───── SUPPLIED INFORMATION

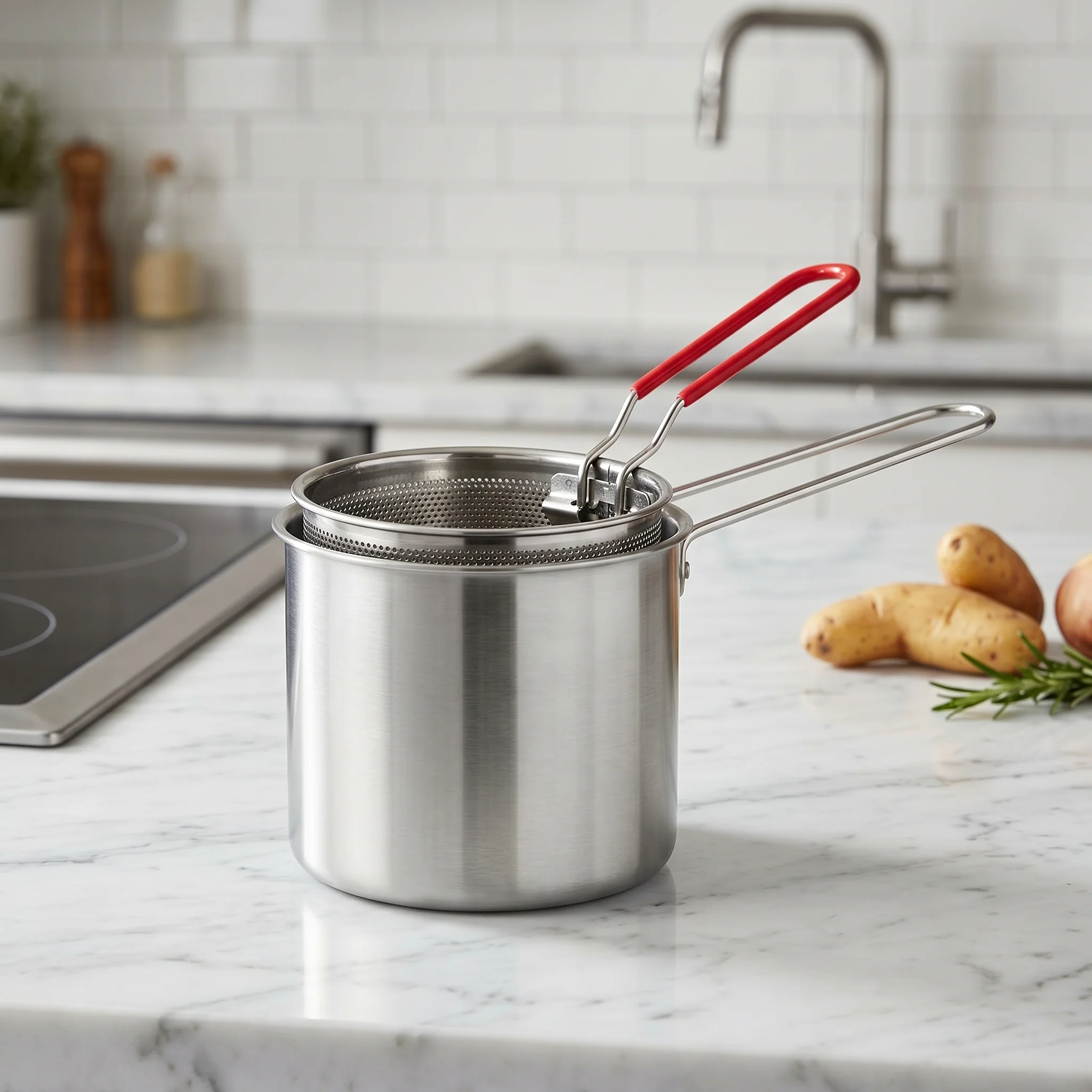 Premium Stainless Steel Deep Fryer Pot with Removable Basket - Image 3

──────────
───── SUPPLIED INFORMATION

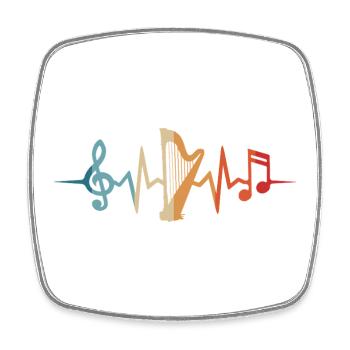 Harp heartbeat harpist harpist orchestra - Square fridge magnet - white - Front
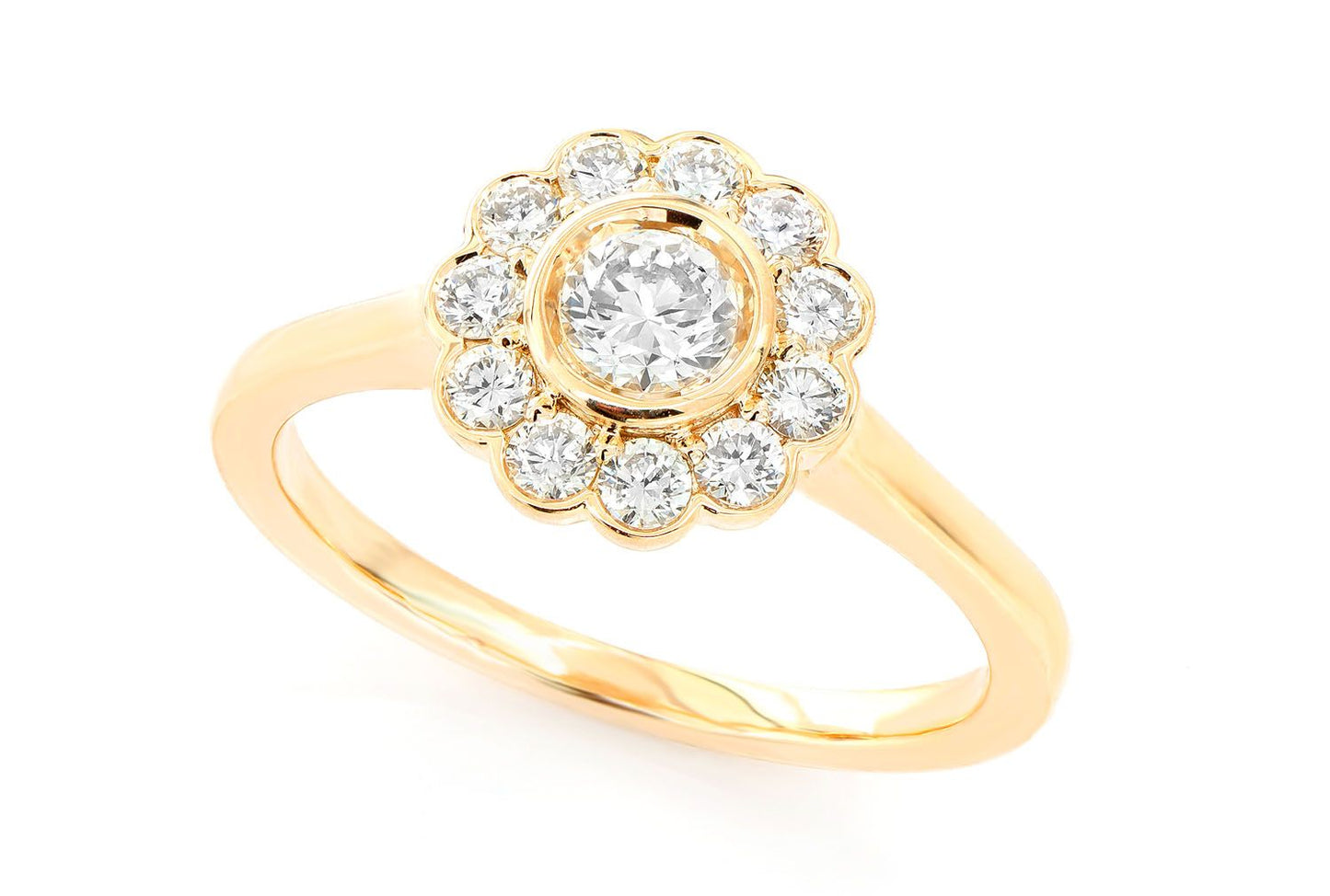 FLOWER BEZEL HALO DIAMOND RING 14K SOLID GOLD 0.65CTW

──────────

(EXERCISE GOAL)
Given the listing above, repeat exactly the lines starting at the one with "Harp heartbeat harpist" and ending at the one with "FLOWER BEZEL HALO", inclusive, excluding pictures.

(RESPONSE BELOW)
 Harp heartbeat harpist harpist orchestra - Square fridge magnet - white - Front
 FLOWER BEZEL HALO DIAMOND RING 14K SOLID GOLD 0.65CTW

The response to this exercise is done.